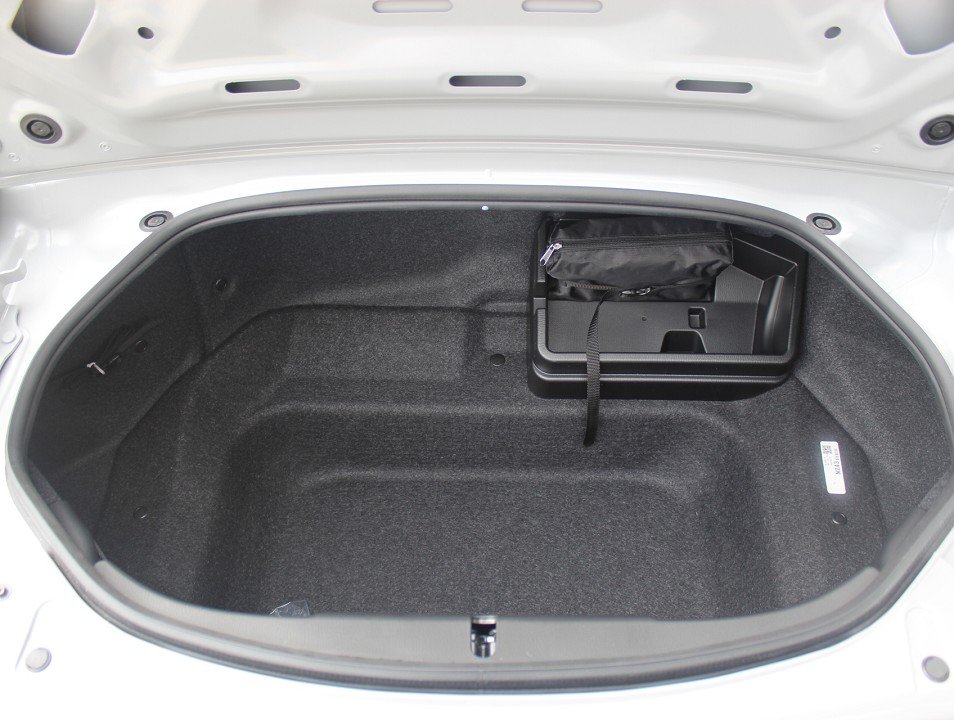 Fahrzeugabbildung Mazda MX-5 RF 2027 G-136 Exclusive-Line *Aktion* LEDER MATRIX BOSE RFK SHZ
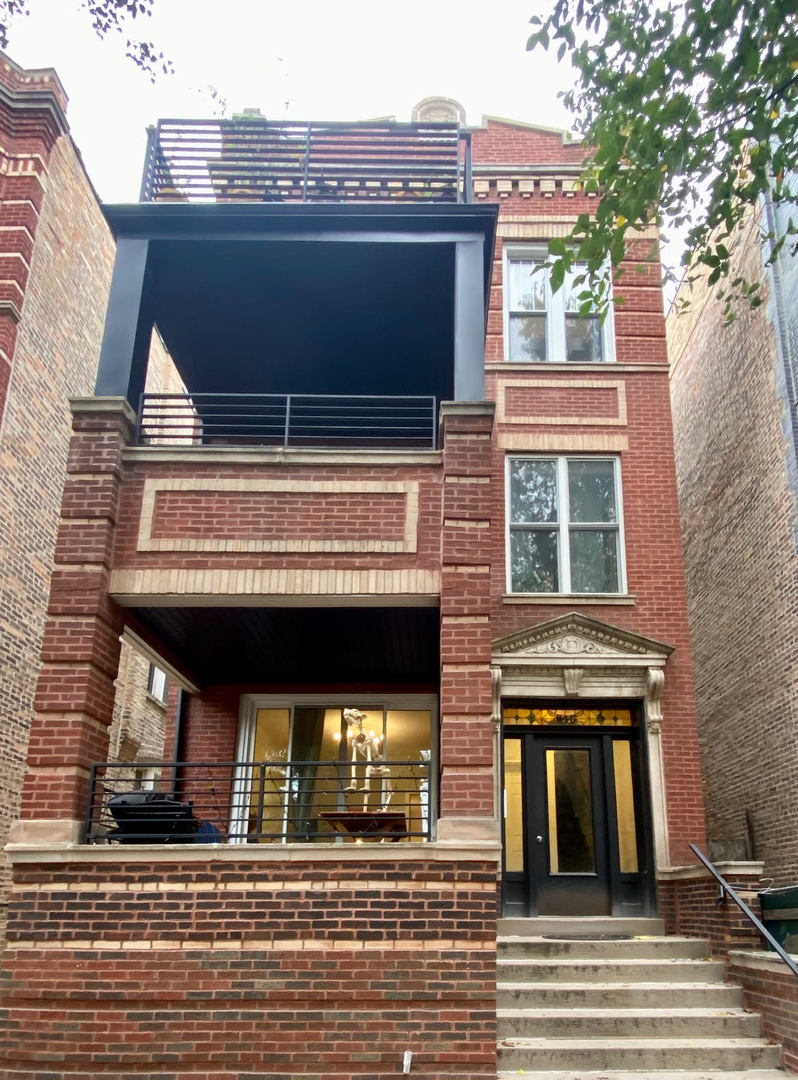 846 N Hoyne Avenue Unit: 1F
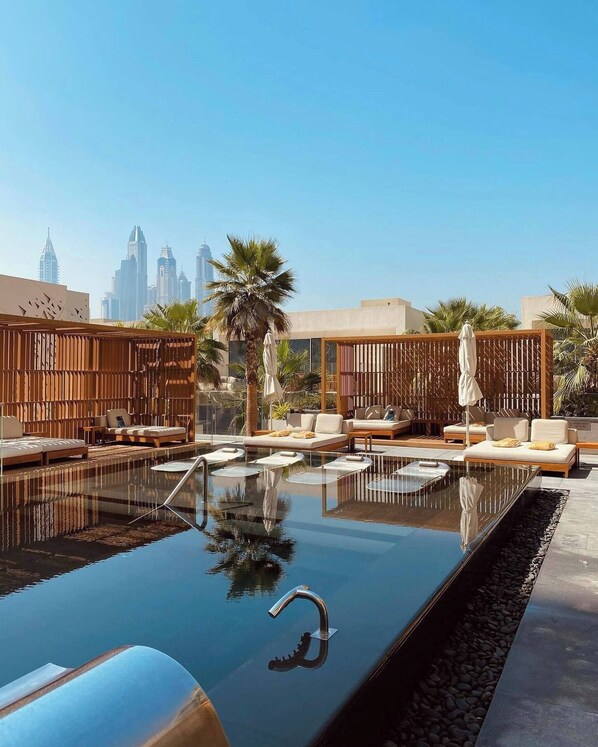 Pool - Five Palm Jumeirah 2 Bdr Full Sea View (Dubai)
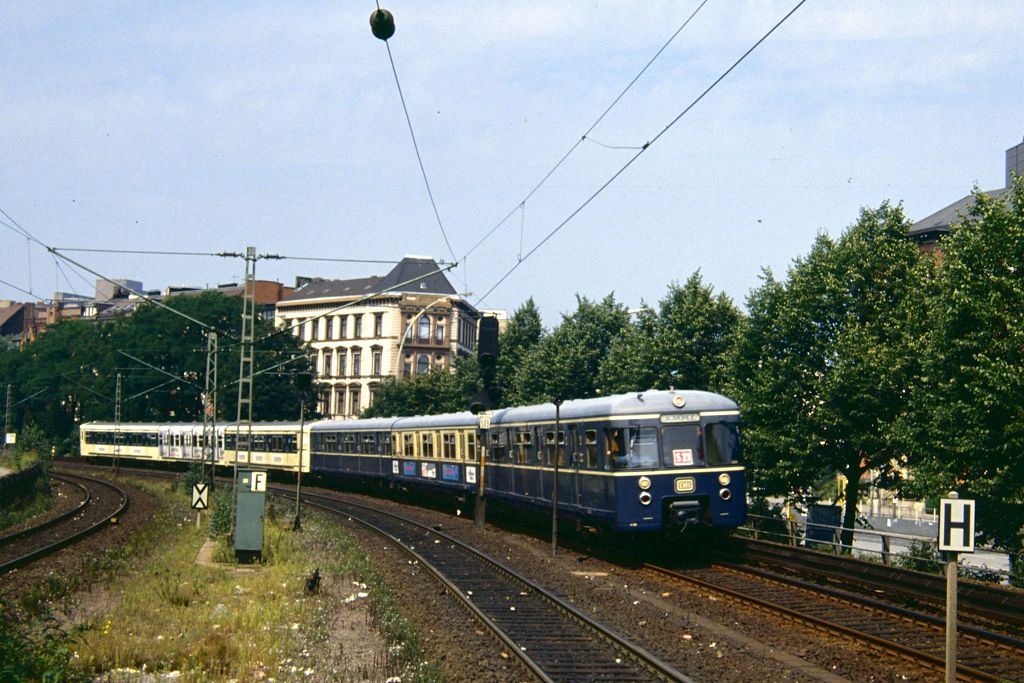 471 + 472 bei der Einfahrt in HH-Dammtor, August 1990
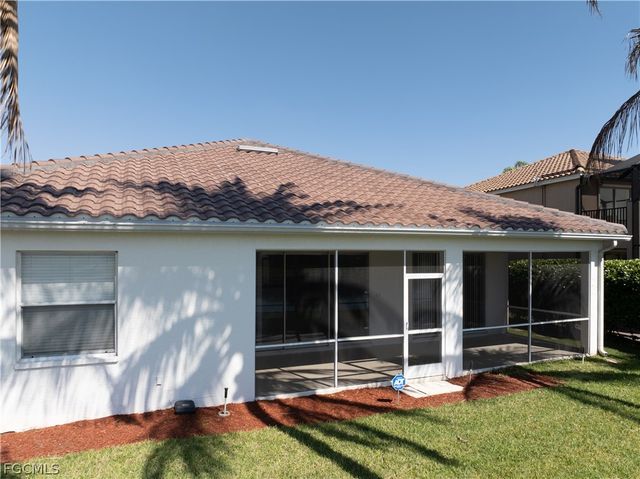 11005 Lakeland CIR, Fort Myers, FL 33913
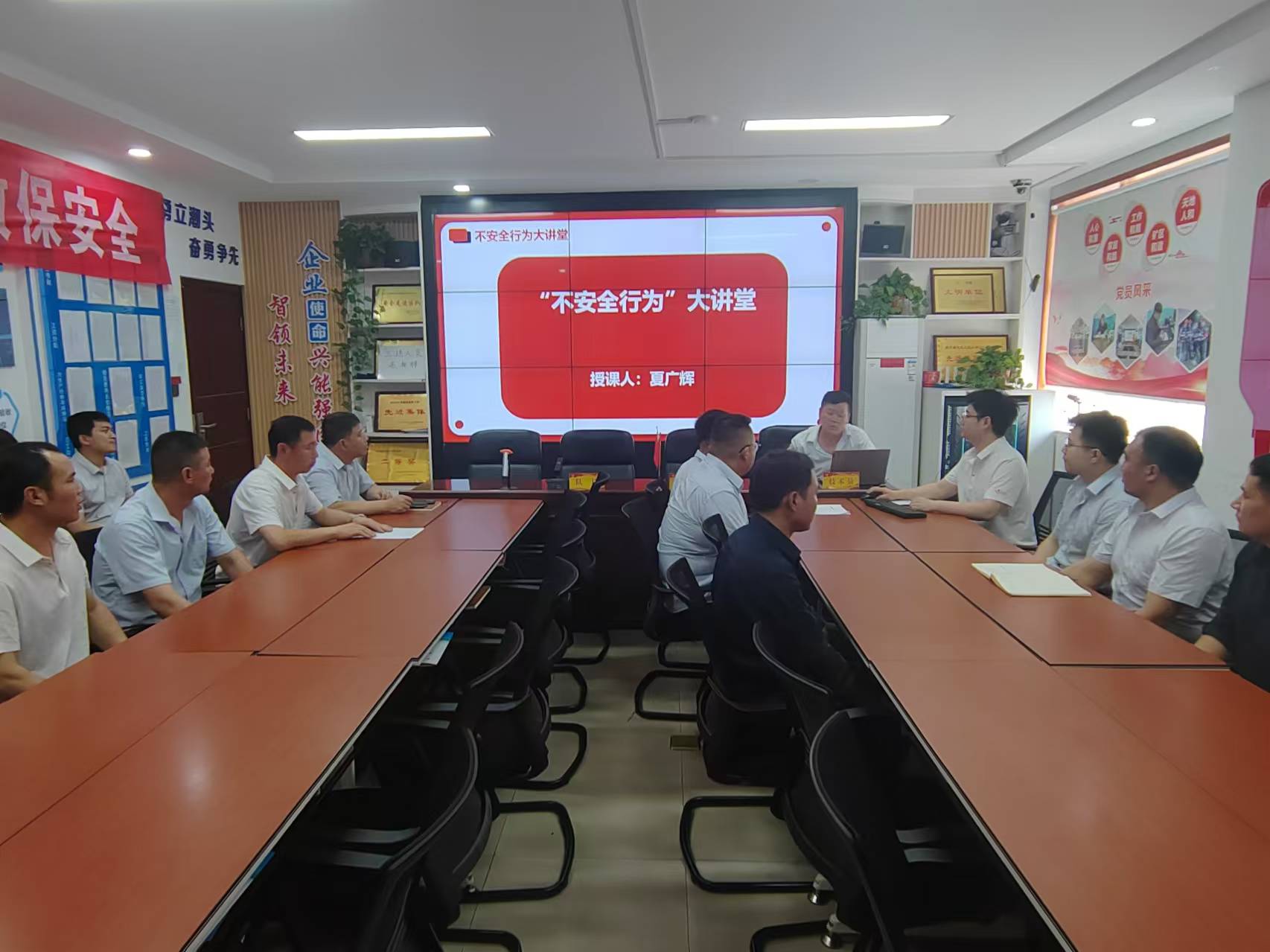 051722820540664897.jpeg 4059885FDC616DF4AE00A8B56D6B4B16.jpg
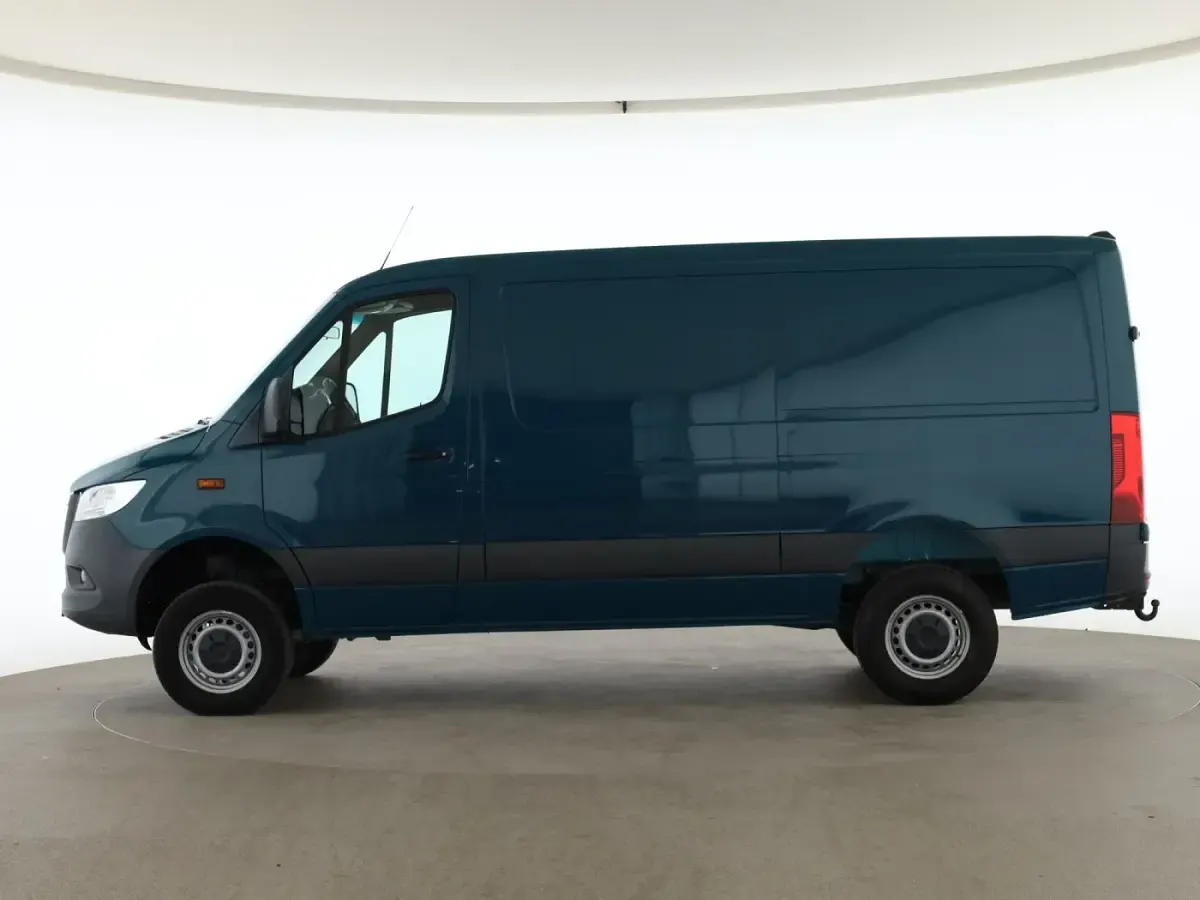Gebraucht Mercedes Sprinter 163 PS (119 kW) 2020 Grün Van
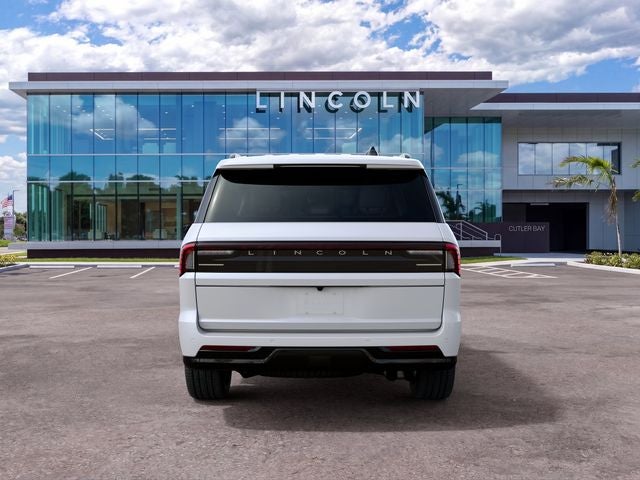 2027 Lincoln Navigator Reserve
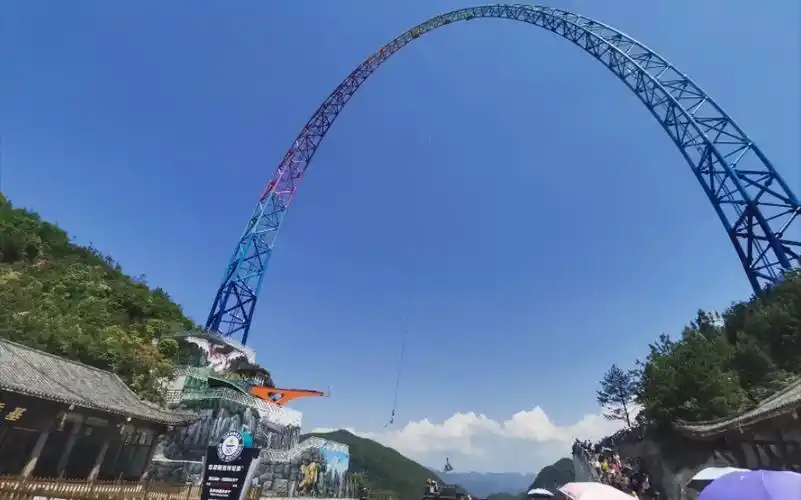 云阳龙缸网红秋千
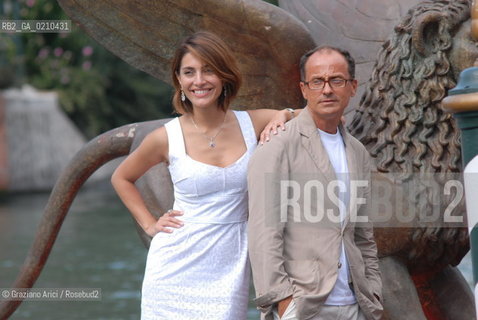 VENICE, 04.09.08. 65th VENICE INTERNATIONAL FILM FESTIVAL. THE ACTRESS CATERINA MURRINO AND PAPPI CORSICATO © MARTABUSO/ARICI/GRAZIANERI CINEMA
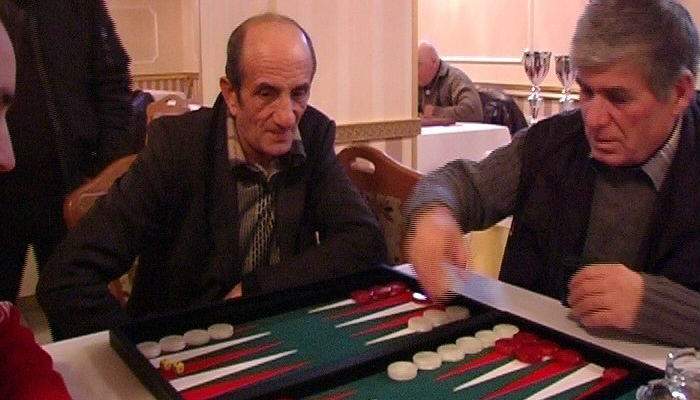 Marele șahist Gary Kasparov vine la București ca să învețe table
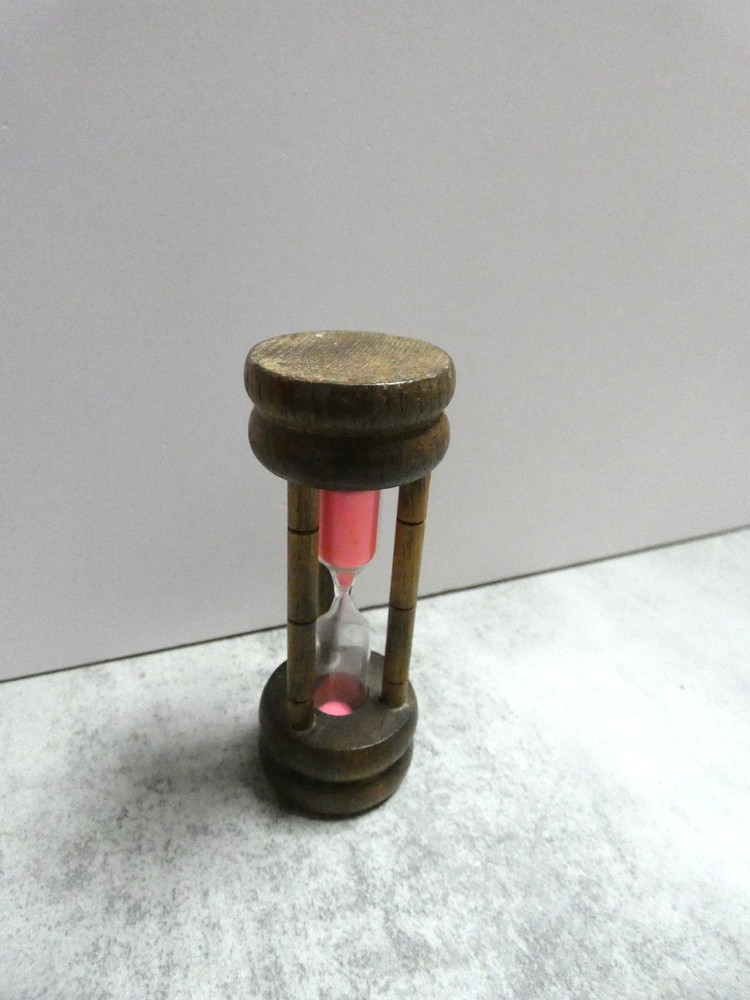 VTG Unbranded Small Wooden Hourglass 3 Minute Timer Pink Sand Desk Decor 4″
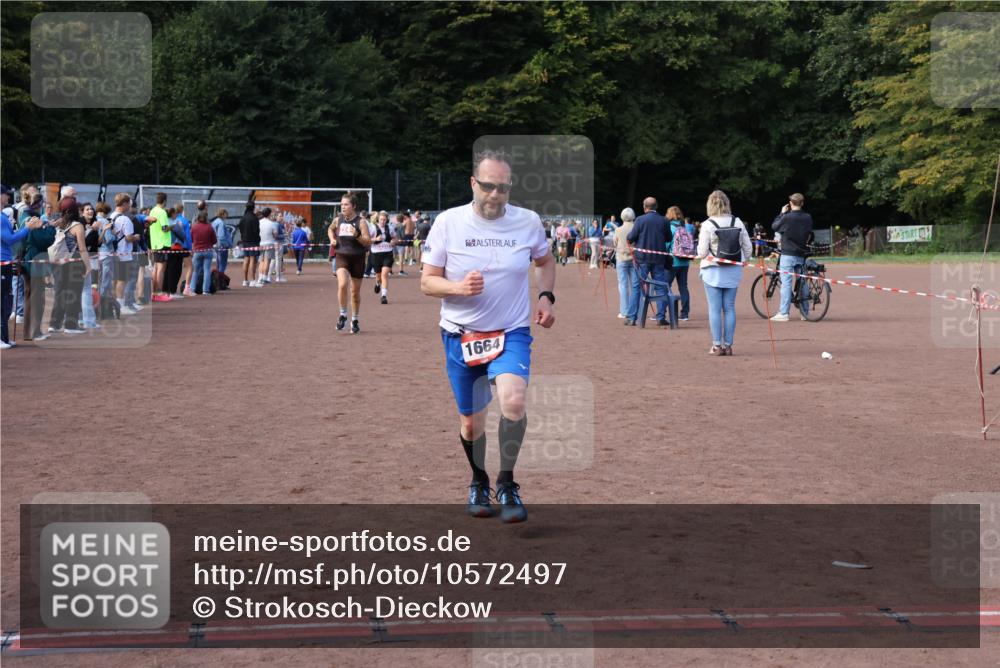 27.09.2026 - 35. Volkslauf durch das schöne Alstertal Strokosch-Dieckow http://msf.ph/oto/10572497 27.09.2026 12:21:56 Ziel 1664, 2023, 2247, 2332 meine-sportfotos.de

══════════

§ **WORK TASK**: If the data includes images, omit them, and set down everything else exactly as above.

§ **RESULT OF THE EXERCISE**:
 Fahrzeugabbildung Mazda MX-5 RF 2027 G-136 Exclusive-Line *Aktion* LEDER MATRIX BOSE RFK SHZ
 846 N Hoyne Avenue Unit: 1F
 Pool - Five Palm Jumeirah 2 Bdr Full Sea View (Dubai)
 471 + 472 bei der Einfahrt in HH-Dammtor, August 1990
 11005 Lakeland CIR, Fort Myers, FL 33913
 051722820540664897.jpeg 4059885FDC616DF4AE00A8B56D6B4B16.jpg
Gebraucht Mercedes Sprinter 163 PS (119 kW) 2020 Grün Van
 2027 Lincoln Navigator Reserve
 云阳龙缸网红秋千
 VENICE, 04.09.08. 65th VENICE INTERNATIONAL FILM FESTIVAL. THE ACTRESS CATERINA MURRINO AND PAPPI CORSICATO © MARTABUSO/ARICI/GRAZIANERI CINEMA
 Marele șahist Gary Kasparov vine la București ca să învețe table
 VTG Unbranded Small Wooden Hourglass 3 Minute Timer Pink Sand Desk Decor 4″
 27.09.2026 - 35. Volkslauf durch das schöne Alstertal Strokosch-Dieckow http://msf.ph/oto/10572497 27.09.2026 12:21:56 Ziel 1664, 2023, 2247, 2332 meine-sportfotos.de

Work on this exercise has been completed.